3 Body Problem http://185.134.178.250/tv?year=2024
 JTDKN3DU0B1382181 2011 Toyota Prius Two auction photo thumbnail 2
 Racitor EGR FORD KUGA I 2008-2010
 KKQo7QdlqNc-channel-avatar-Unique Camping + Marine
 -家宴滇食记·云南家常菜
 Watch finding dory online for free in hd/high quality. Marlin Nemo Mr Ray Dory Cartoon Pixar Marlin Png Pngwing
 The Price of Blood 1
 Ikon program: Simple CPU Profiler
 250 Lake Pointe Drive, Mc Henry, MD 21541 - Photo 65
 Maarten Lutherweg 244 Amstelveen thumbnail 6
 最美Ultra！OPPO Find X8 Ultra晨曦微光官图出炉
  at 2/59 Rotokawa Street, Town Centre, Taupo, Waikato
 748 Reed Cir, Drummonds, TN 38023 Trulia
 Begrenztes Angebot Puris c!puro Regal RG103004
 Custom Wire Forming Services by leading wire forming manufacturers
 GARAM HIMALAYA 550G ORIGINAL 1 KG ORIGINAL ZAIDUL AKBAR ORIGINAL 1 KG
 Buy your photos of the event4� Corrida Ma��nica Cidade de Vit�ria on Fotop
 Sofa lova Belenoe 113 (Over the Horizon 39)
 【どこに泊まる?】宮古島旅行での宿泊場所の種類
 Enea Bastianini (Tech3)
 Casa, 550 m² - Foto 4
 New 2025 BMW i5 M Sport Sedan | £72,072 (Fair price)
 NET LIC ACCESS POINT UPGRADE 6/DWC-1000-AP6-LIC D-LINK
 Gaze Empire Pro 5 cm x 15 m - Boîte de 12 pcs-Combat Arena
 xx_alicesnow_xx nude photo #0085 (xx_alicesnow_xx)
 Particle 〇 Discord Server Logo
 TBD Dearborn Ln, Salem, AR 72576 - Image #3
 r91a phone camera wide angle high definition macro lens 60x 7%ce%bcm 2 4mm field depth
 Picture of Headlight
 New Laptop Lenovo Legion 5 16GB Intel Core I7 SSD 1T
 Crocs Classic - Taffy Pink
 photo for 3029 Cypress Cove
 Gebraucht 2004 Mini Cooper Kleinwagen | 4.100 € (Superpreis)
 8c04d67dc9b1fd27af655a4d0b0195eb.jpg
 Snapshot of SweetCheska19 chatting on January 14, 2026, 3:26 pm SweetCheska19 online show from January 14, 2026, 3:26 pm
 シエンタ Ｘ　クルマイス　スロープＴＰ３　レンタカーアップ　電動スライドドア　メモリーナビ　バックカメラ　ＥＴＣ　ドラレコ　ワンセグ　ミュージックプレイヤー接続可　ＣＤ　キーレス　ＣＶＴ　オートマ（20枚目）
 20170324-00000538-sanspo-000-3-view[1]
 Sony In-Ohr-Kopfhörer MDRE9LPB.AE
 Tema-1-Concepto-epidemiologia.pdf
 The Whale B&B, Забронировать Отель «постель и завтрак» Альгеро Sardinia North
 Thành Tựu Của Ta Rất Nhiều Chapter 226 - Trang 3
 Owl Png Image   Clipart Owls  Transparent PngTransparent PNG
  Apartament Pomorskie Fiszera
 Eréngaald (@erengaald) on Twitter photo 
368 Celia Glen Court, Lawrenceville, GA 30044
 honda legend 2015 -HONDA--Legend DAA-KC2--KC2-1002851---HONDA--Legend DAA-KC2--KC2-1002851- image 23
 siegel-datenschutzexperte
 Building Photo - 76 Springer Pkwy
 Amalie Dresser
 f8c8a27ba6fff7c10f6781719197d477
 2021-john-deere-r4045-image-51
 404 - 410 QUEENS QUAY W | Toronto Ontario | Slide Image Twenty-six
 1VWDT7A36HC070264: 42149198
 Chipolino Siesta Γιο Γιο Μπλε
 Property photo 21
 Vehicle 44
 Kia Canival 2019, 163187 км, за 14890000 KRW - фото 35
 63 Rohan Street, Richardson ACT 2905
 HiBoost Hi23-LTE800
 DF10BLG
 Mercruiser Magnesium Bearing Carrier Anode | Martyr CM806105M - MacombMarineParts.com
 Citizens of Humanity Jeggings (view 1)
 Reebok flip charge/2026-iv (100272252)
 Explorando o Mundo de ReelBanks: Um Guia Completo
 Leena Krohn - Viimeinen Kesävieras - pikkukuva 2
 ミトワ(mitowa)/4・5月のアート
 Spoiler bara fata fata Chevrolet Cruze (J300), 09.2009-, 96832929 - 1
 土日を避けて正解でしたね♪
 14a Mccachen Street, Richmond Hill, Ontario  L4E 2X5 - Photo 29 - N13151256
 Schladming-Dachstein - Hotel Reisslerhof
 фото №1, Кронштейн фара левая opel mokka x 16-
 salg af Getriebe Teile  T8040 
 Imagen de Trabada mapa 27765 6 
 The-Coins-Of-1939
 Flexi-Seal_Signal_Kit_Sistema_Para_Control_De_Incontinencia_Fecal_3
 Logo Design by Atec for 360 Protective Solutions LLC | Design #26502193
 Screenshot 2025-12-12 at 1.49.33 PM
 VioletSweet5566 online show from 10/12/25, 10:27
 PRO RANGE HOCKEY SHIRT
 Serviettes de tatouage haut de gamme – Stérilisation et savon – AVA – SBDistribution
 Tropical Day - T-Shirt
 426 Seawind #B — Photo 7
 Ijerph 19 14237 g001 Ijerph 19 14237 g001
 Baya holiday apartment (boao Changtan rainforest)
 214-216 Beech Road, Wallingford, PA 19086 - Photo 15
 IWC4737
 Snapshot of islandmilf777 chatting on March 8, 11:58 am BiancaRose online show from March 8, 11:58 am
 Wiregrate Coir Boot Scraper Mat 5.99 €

#### [Task brief]
Starting at the line that has "Gaze Empire Pro" in the records above, restate word for word every line until the one that has "photo for 3029 Cypress Cove", and include that one as well.

#### [Completed exercise]
 Gaze Empire Pro 5 cm x 15 m - Boîte de 12 pcs-Combat Arena
 xx_alicesnow_xx nude photo #0085 (xx_alicesnow_xx)
 Particle 〇 Discord Server Logo
 TBD Dearborn Ln, Salem, AR 72576 - Image #3
 r91a phone camera wide angle high definition macro lens 60x 7%ce%bcm 2 4mm field depth
 Picture of Headlight
 New Laptop Lenovo Legion 5 16GB Intel Core I7 SSD 1T
 Crocs Classic - Taffy Pink
 photo for 3029 Cypress Cove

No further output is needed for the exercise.